Decolonize work (spaces) can be questioning the concept of work vs. not working, or to ask who is allowed to work as what due to which colonial continuities? How are capitalism and colonialism related?
You may notice – decolonize does not give answers to practical questions, but questions too short answers (a police chief only has to be black to make it work! No, because the police is a colonial continuity from enslavement to today’s mass incarceration).
The nice thing about decolonize is that the the more you allow it, the less it hurts. It has no goal, meaning you don’t run along a path, but try to perceive the world around you more realistically. You try to name the layers of the entanglements of violence due to colonialism. Your team may be diverse, they correspond to the number of minorities in society – but that doesn’t make it decolonial. Decolonize would ask: who makes money from it? Where is the money generated from, who does this knowledge come from? Who does this diversity serve the most? What about repairs based on salary structure? How are today’s colonial mechanisms included?
A company can never be decolonial, but it can throught thoughts like these question, readjust, and try to reduce its own part in colonial continuity, knowing that in a non-decolonized world there are always complex pitfalls that ask for readjustments.
Decolonize art can look very different in the actions from decolonizing schools: it is not about the attitude practices of it, it is about the thinking movement, which is why Prof. Dr. Auma called a class decolonize MOVES . Thought movements that initially sound like an awful lot of change, become a habit and learning to celebrate life in change as thought training towards decolonizing everything.

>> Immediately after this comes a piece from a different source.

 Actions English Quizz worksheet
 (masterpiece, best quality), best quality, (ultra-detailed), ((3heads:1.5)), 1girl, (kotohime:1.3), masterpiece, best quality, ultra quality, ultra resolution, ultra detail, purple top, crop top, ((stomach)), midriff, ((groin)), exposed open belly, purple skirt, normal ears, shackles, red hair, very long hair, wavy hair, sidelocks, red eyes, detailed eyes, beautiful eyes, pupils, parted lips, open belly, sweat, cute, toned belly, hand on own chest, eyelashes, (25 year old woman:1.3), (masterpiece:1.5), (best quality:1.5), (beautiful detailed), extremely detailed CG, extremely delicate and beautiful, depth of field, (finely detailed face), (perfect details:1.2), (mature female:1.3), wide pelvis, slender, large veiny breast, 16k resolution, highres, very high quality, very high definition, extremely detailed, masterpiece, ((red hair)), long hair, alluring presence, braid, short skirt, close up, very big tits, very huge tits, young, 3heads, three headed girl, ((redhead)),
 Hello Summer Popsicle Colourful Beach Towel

Diversity is more popular because it follows the western logic: problem, path, solution. There are also clearer rules about who is to be diversified where and when, as long as capitalism is our framework for action, this figure, this goal that can be achieved and fought for is also helpful. But Minneapolis and the precinct where the murderers of George Flyod were employed is the best example of why “diversifying police” is not enough! Blacks and First Nation people had risen to leadership roles here, there were many attempts at reform, but the consequence remains: a policeman with 17 reports of violent behavior murdered a Black man in full daylight in front of his colleagues. Only 3 weeks later the supreme Cort decided not to re-evaluate the immunity of the police. The certainty that even this time his violence will not have any consequences, which was reflected in his face. The country is trying to reform, diversify police stations, but something that has been created to restrict black people must become decolonialized. Defunding and abolishment are not the most extreme, but only the first goal in my decolonial thinking movement.
Our colonized ideas about the value of black lives can only be recalibrated if the damage is no longer exercised. I hope we then find that abolishing the police was the first of many steps, I see reparations there. I also see many question marks, as other suppression mechanisms that can lead to violence in communities can be reduced. Decolonizing means to imagine what seems unthinkable, which is why this week there was this wide range of tasks.
Decolonizing is to go into the deepest pain, to decolonize what already looks diverse and then to dream in the highest notes what seems unthinkable.
A muscle that I also have to train a lot still.